One Red Question - Who's the best tech executive you've worked with?
on February 28, 2008 - Comments (View)We've all worked with someone who just blew us away at every level: driven but not manic, more charismatic than autocratic, talented to the nth degree but humble, and possessed of that subtle wash of vision, focus, organizational sense and level-headedness that inspires people to go to war with them. Who gets your vote?
We’ve all worked with someone who just blew us away at every level: driven but not manic, more charismatic than autocratic, talented to the nth degree but humble, and possessed of that subtle wash of vision, focus, organizational sense and level-headedness that inspires people to want to go to war with them.
Who gets your vote?
They may have retired or left the technology sector a decade ago, it doesn’t matter, go ahead and throw a laurel their way.
And if you have the time, tell us what made them great to work with.


Comments
feb 29 2008 00:17
2 Reputation Points
I was in the reserves, between high school and university, working as a radio operator in the artillery. At the end of a 24-hour shift, monitoring three radios, I was well and truly chewed out by a far superior officer on the other end of the radio network, for no good reason.
A passing officer—who had no responsibility in the command post—took sympathy on me, pretended to be the command post officer, and sent me out to get breakfast while he sat down at the radio and defended me tooth and nail. And as I stood outside the door, listening to him claim that I had not done whatever I was accused of, I realised I was in the wrong, the mistake was all mine.
I learned then and there that real leadership is sticking up for your people not because they’re right, but because they’re your people and they need you. The minute you sell them out, the minute you let some other jerk treat them like garbage, those people are no longer yours. You have to go to bat for them, every day, and the reward is they will never forget you and will never leave you swinging.
Lt McNair told me more about leadership before 9 am than I learned in a decade out in the real world, and I hope I act like that every day, myself.

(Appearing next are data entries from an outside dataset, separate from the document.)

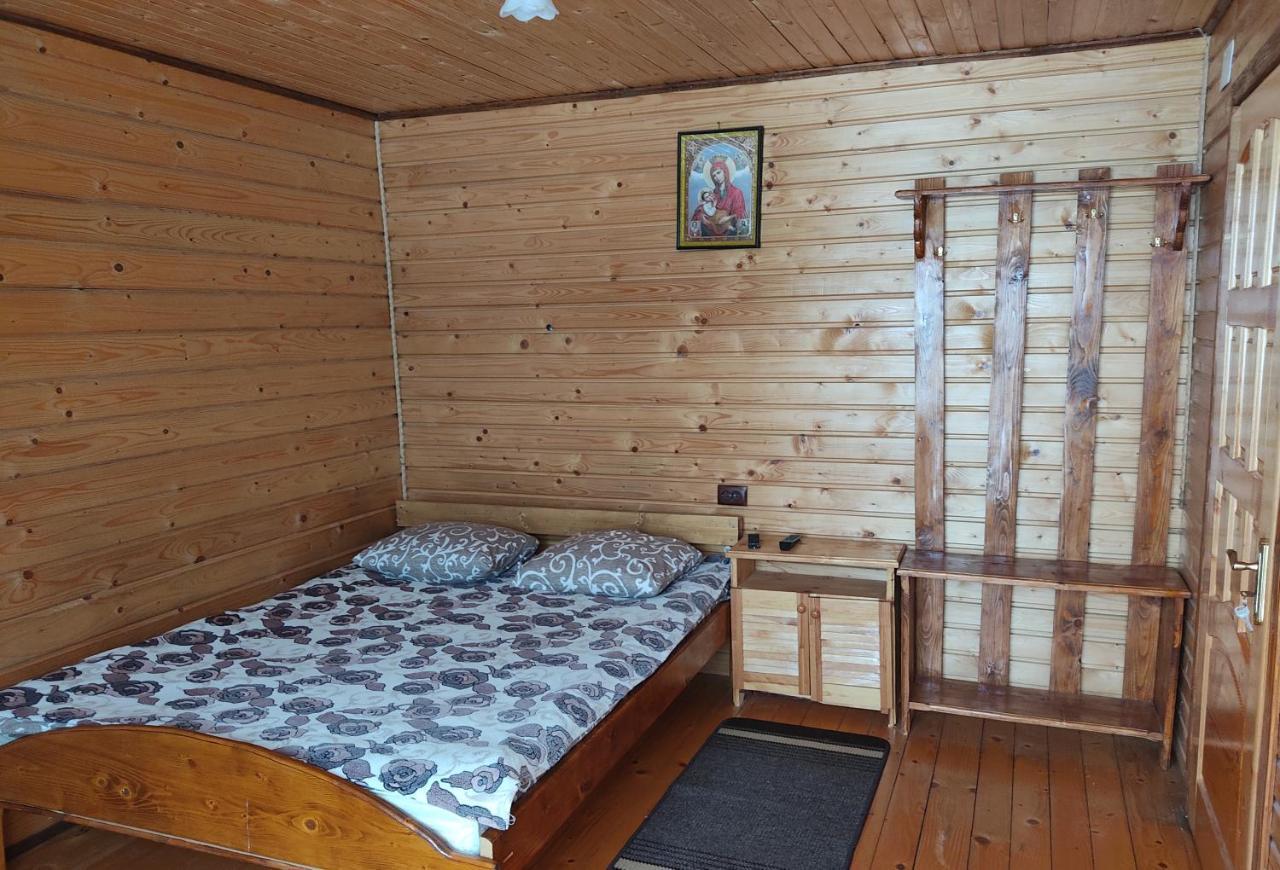 Smerekova Hata Oryavchyk Luaran gambar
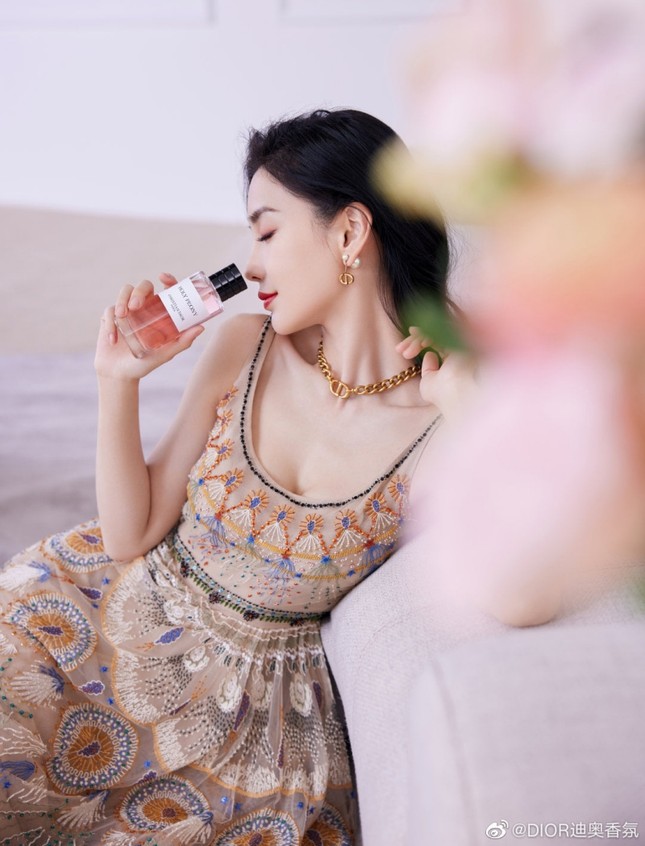 Cùng quảng cáo nước hoa Dior, hai đại sứ Jisoo (BLACKPINK) và Angela Baby lại được đem ra so sánh ảnh 5
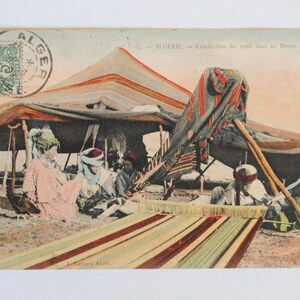 Teppichweben in einem Douar- Algerien-alte Postkarten-Reisekunst 1900er-ethnische Kunst-Wanddekoration Teppichkunst-a36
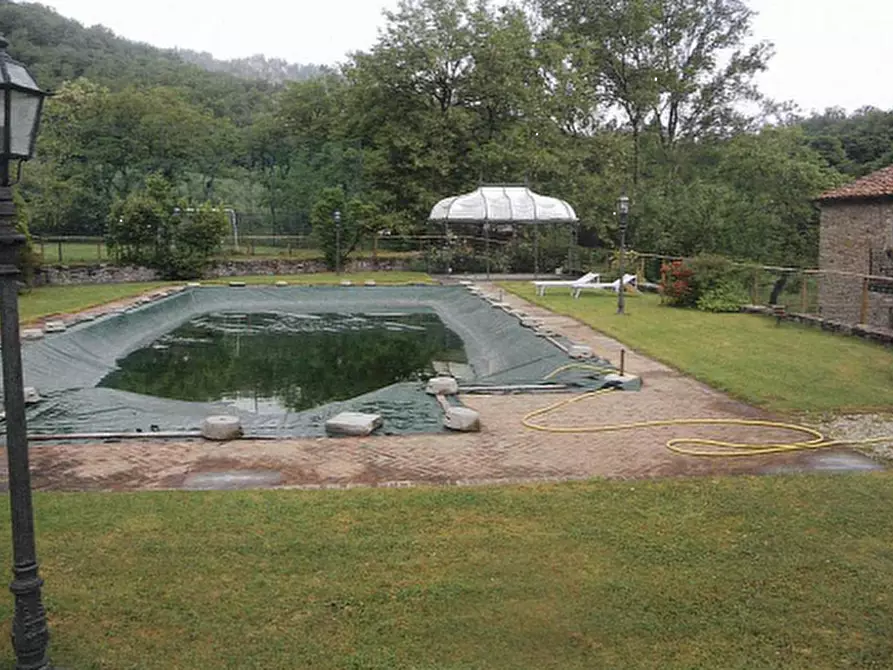 Immagine 10 di Stabile in vendita  in Via Pimonte  a Barberino Di Mugello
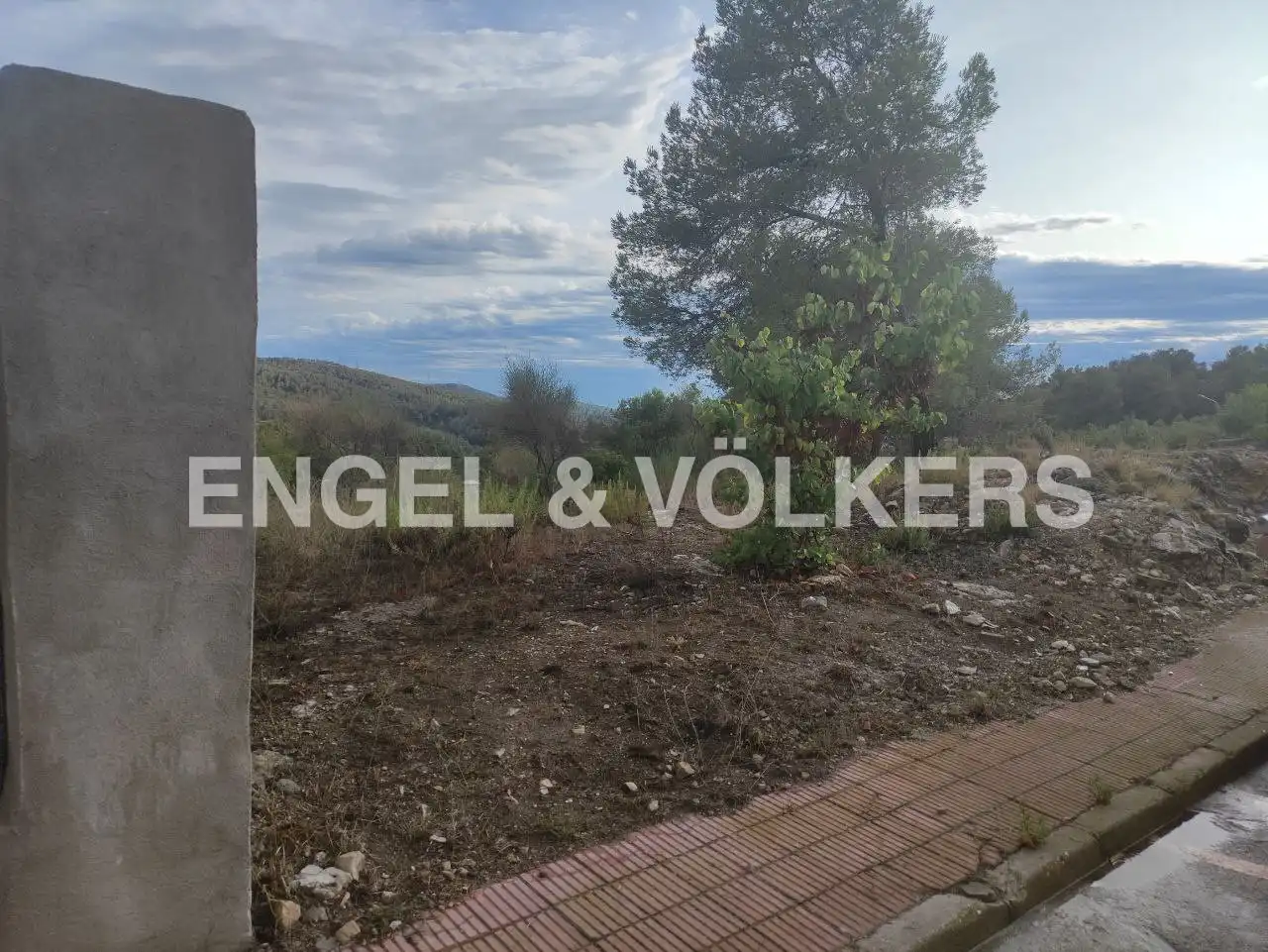 Terreny residencial en venda a Vallirana, imagen 2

Edit (for another )mar 11 2008 17:07
4 Reputation Points
For me, this has to be Peter Schwartz, former CEO of Descartes Systems
Group. In the mid 90s, he was their VP Sales. A few years later, he took
them to an IPO on NASDAQ and a $4 billion market cap. Not bad when you
consider he started out with $2 million in revenue and fewer than 20
people.
Peter knew the exponential value of talent. His key move was luring Art
Mesher away from his leadership role with Gartner Group’s Supply Chain
practice. By doing so, he legitimized Descartes as a rising SCM vendor and
gave them tremendous competitive intelligence, not to mention accelerated
growth by acquisition.
I learned more about targeting and attracting talent from Peter than any
Edit (for another )other Canadian software CEO.
mar 12 2008 08:34
1 Reputation Point
I have to second the nomination of Peter. He’s been a board member of mine for the past 5 years. Every conversation with Peter is mind expanding. He cuts straight through the crap and focuses everyone on the right stuff.
Edit (for another )mar 15 2008 18:29
2 Reputation Points
Sherry McMenemy. We met at Descartes, and I consider joining her team the pivotal moment in my career development, as it sparked my professional passions in communications, usability, and user experience.

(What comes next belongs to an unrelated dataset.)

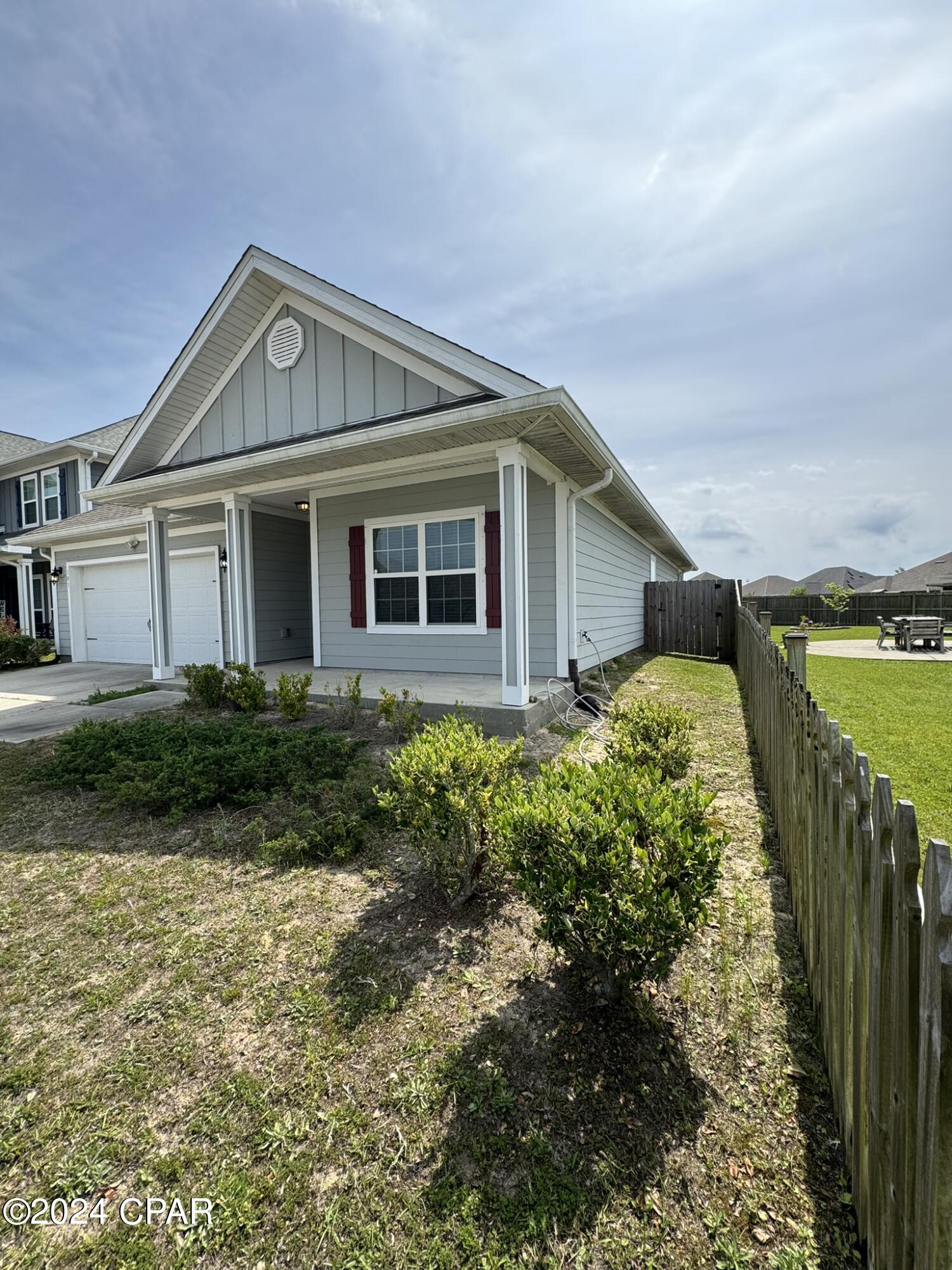 Village of Mill Bayou/Shoreline Village Ph 1C - Residential Lease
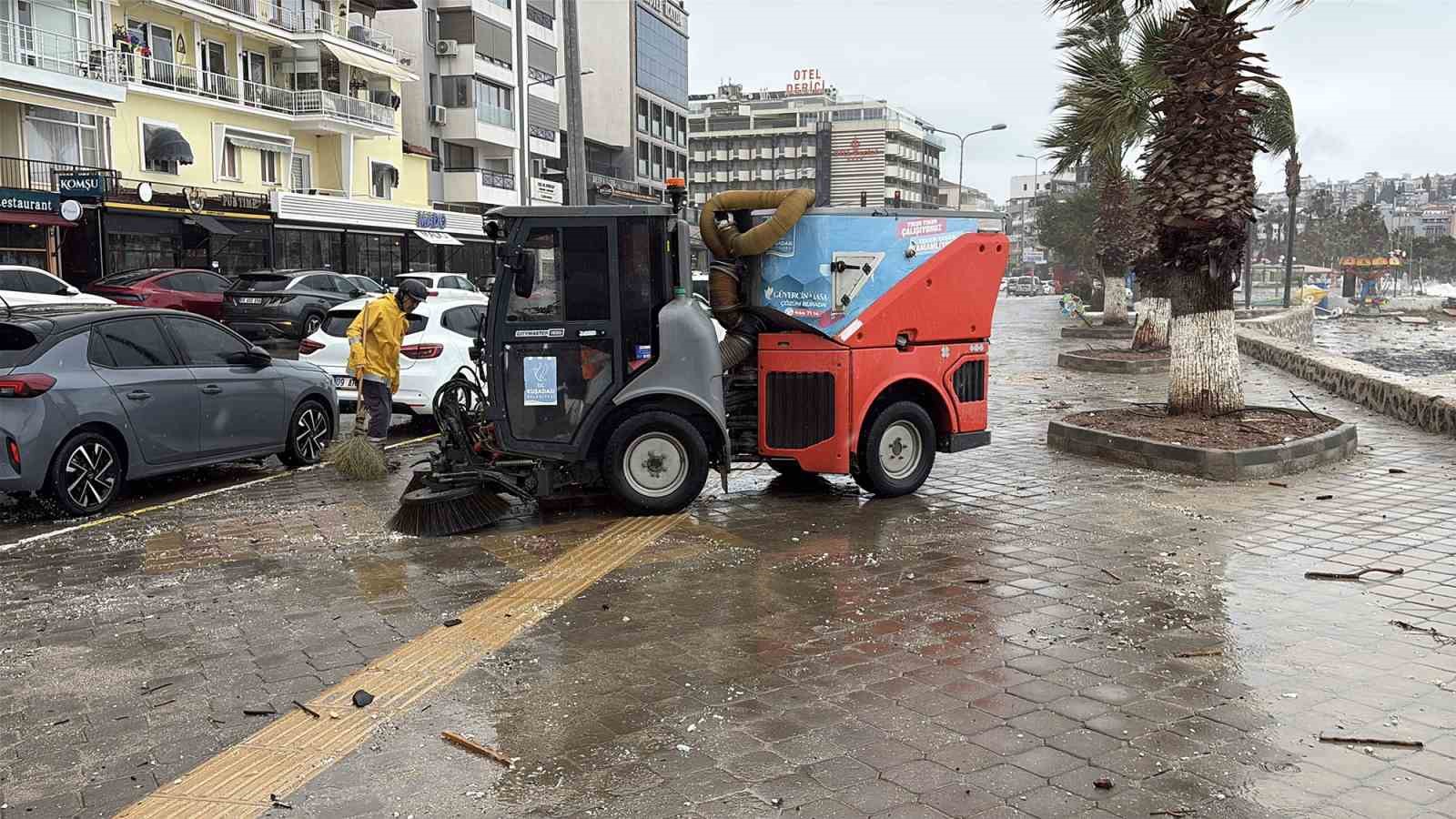 Kusadasi Belediyesinden Saganak Ve Firtina Mesaisi A05D367C4B13Bf726799Bb453D6701C9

She has the highest standards of any manager I’ve worked for, and her people are expected to give their best because she does. For a kid who always breezed through school, dealing with failing and not knowing everything is a hard but essential lesson. The best way to learn is to have a mentor who both gets it and is dedicated to working with you to grow. Sherry has been, and continues to be, that mentor.
She places the highest value on education, pushing her people to always keep learning. She accompanies instruction on what needs to be done with why. This is imperative in developing well-rounded corporate citizens, and is as critical for learning to navigate company politics as how to gather project requirements.

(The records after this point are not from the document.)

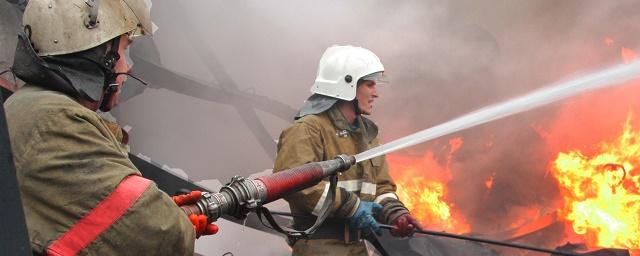 В Лесосибирске при пожаре в частном доме погибли два человека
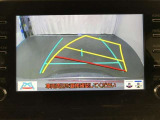 【バックモニター】駐車時に後方がリアルタイム映像で確認できます。大型商業施設や立体駐車場での駐車時や、夜間のバック時に大活躍!運転スキルに関わらず、今や必須となった装備のひとつです!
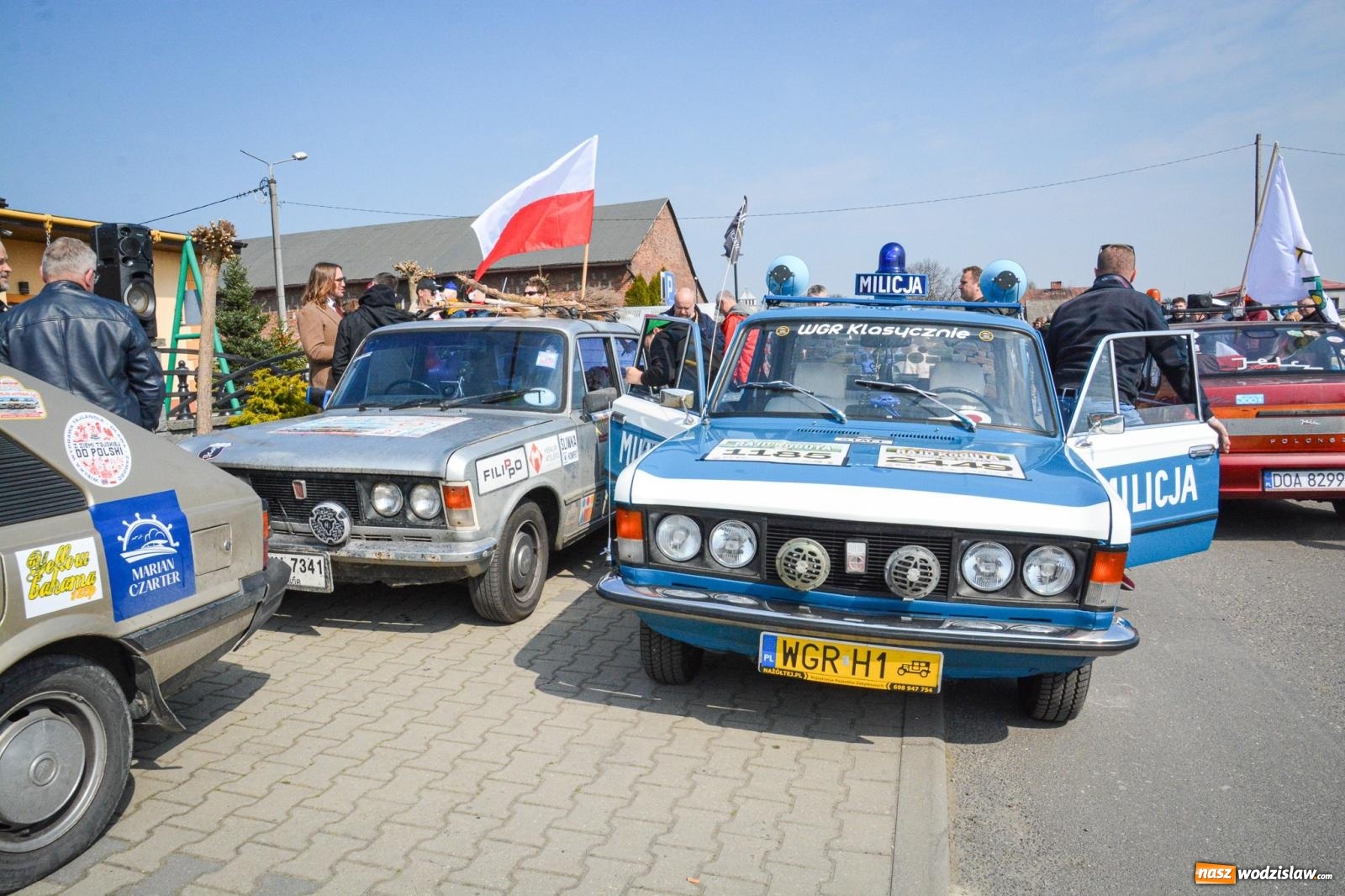Zdjęcie w galerii na portalu naszwodzislaw.com: Z Tajlandii do Chałupek: Kultowe Fiaty i Polonez tłumnie powitane w ojczyźnie [FOTO i WIDEO] wiadomości z regionu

She has no reservations about starting with diamonds in the rough. You may lack some of hard skills she’s going to need from you, but she is stellar at seeing people’s aptitudes and potential, figuring out how to hook them, and knowing where to begin developing them.
In keeping with Matt’s comments above, she takes care of her people, always. Protects them from political wrangling and rampant egos and corporate instability and even the banal things like endless meetings. She manages it all herself with aplomb. At the same time she does a great job of managing up, encouraging projects to move from planning, talking, and mind-changing to getting things done in the way that will have the best results for those the projects will affect.
She does not suffer fools, her respect must be earned, and balancing her toughness and brilliance is an engaging, warm, resilient, and generous woman possessed of a solid sense of humour, an appreciation of the absurd, and an absolutely rapier wit.